▶ **WHAT TO DO**
Repeat the records below exactly as they appear, leaving out any pictures.

▶ **DATA SHOWN**

_ _ _ _ _

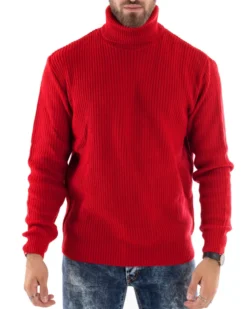 Maglioncino Uomo Collo Alto Maglia Inglese Dolcevita Basic Rosso M2599A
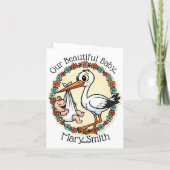 Baby en Stork Design  stijl Aankondiging (Achterkant)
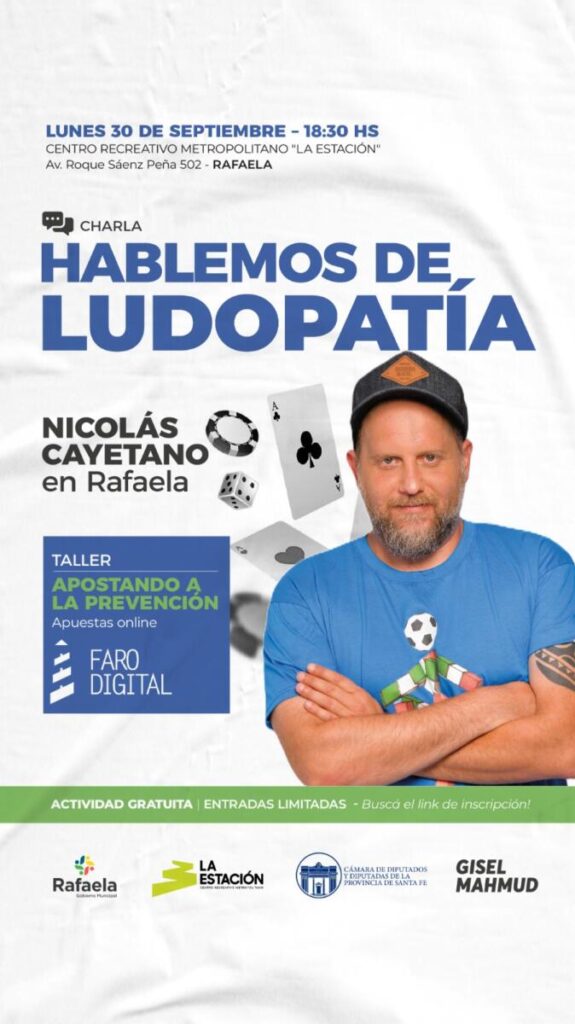 Nico Cayetano en Rafaela: «hablemos de ludopatía»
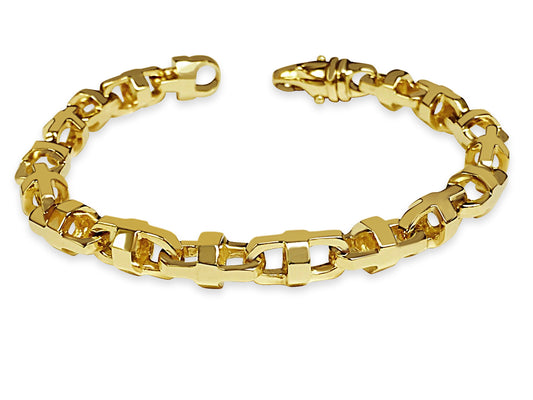 Anchor Mariner Solid Gold Handmade Bracelet , 11mm, 6.5-10 Inch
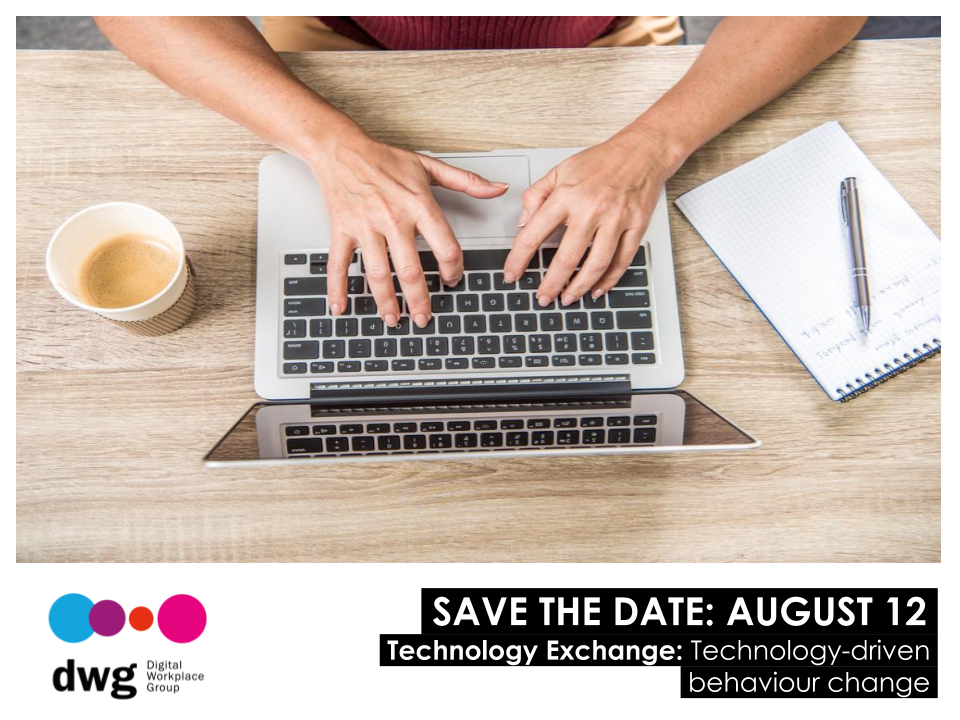 Join DWG for a conversation with TemboSocial founder Steven Green and SWOOP Analytics founder Dr. Laurence Lock Lee about
how to identify, encourage, and measure behaviours in your digital workplace that lead to business success.

REGISTER HERE - hubs.ly/H0t1vHX0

_ _ _ _ _

▶ **TASK SOLUTION**
 Maglioncino Uomo Collo Alto Maglia Inglese Dolcevita Basic Rosso M2599A
 Baby en Stork Design  stijl Aankondiging (Achterkant)
 Nico Cayetano en Rafaela: «hablemos de ludopatía»
 Anchor Mariner Solid Gold Handmade Bracelet , 11mm, 6.5-10 Inch
 Join DWG for a conversation with TemboSocial founder Steven Green and SWOOP Analytics founder Dr. Laurence Lock Lee about
how to identify, encourage, and measure behaviours in your digital workplace that lead to business success.

REGISTER HERE - hubs.ly/H0t1vHX0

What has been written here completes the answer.